[[ DATA EXTRACTS, beginning ]]
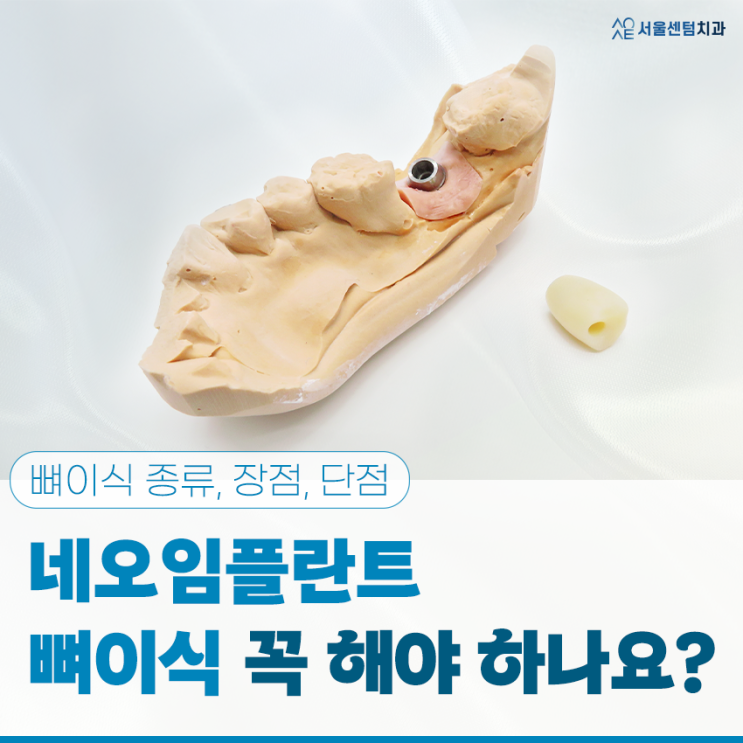  네오임플란트 뼈이식 꼭 해야할까?종류 장점 단점
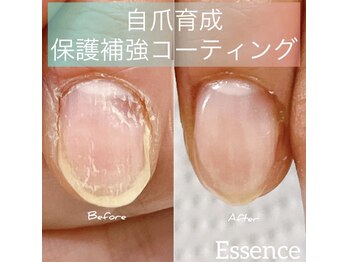 エッセンス (Essence)/お悩み爪も改善◎ご相談ください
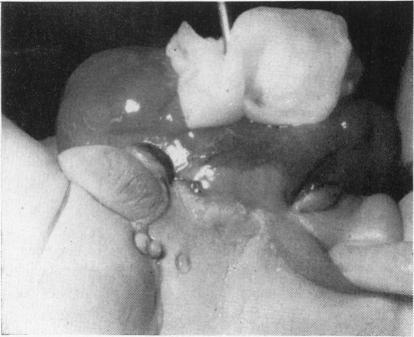 https://cdn.ncbi.nlm.nih.gov/pmc/blobs/27b4/2012499/a7c072471a9f/archdisch01604-0105-a.jpg
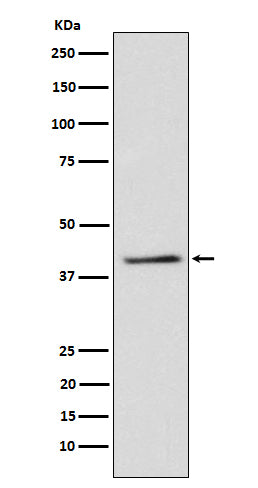 Anti-TRIB3 Rabbit Monoclonal Antibody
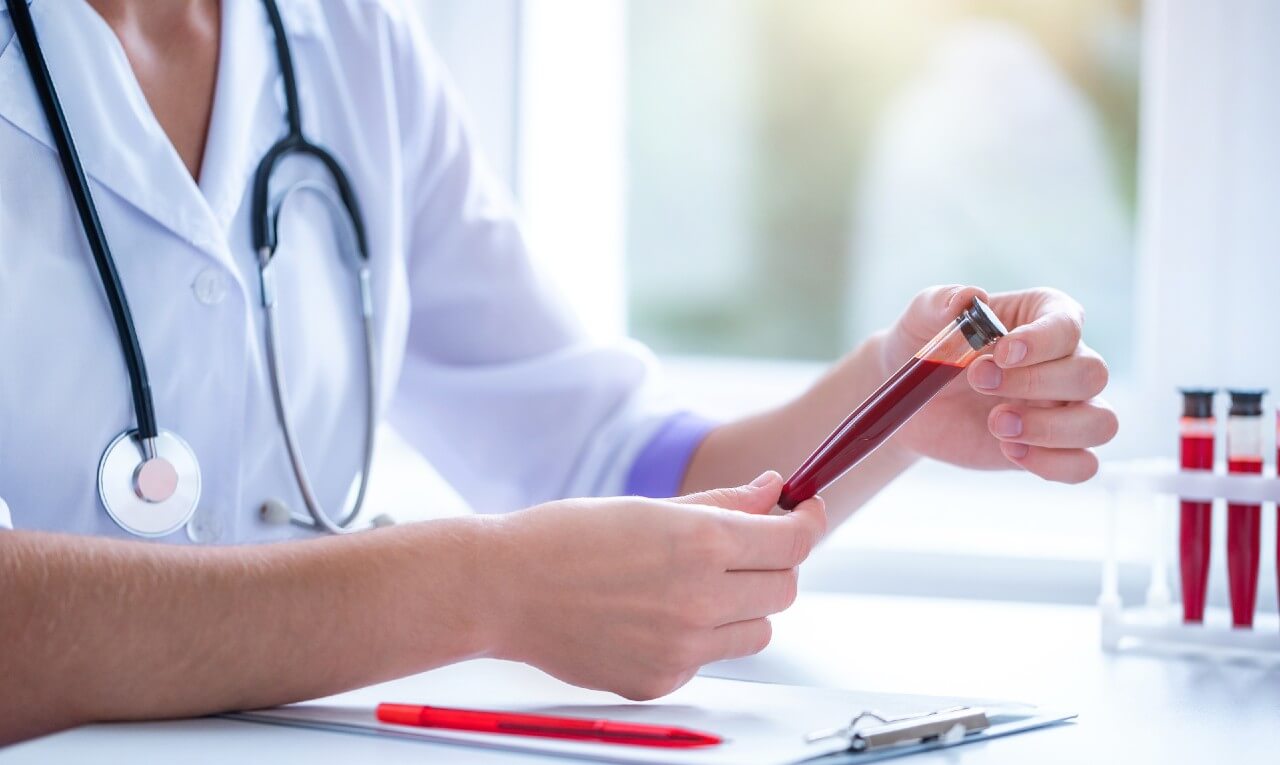 AVC precoce pode ser mais comum em certos tipos sanguíneos – será que é o seu?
[[ DATA EXTRACTS, end ]]
YOUR OBJECTIVE: Each record must appear again exactly as written above, without its pictures.

TASK ANSWER:
  네오임플란트 뼈이식 꼭 해야할까?종류 장점 단점
 エッセンス (Essence)/お悩み爪も改善◎ご相談ください
 https://cdn.ncbi.nlm.nih.gov/pmc/blobs/27b4/2012499/a7c072471a9f/archdisch01604-0105-a.jpg
 Anti-TRIB3 Rabbit Monoclonal Antibody
 AVC precoce pode ser mais comum em certos tipos sanguíneos – será que é o seu?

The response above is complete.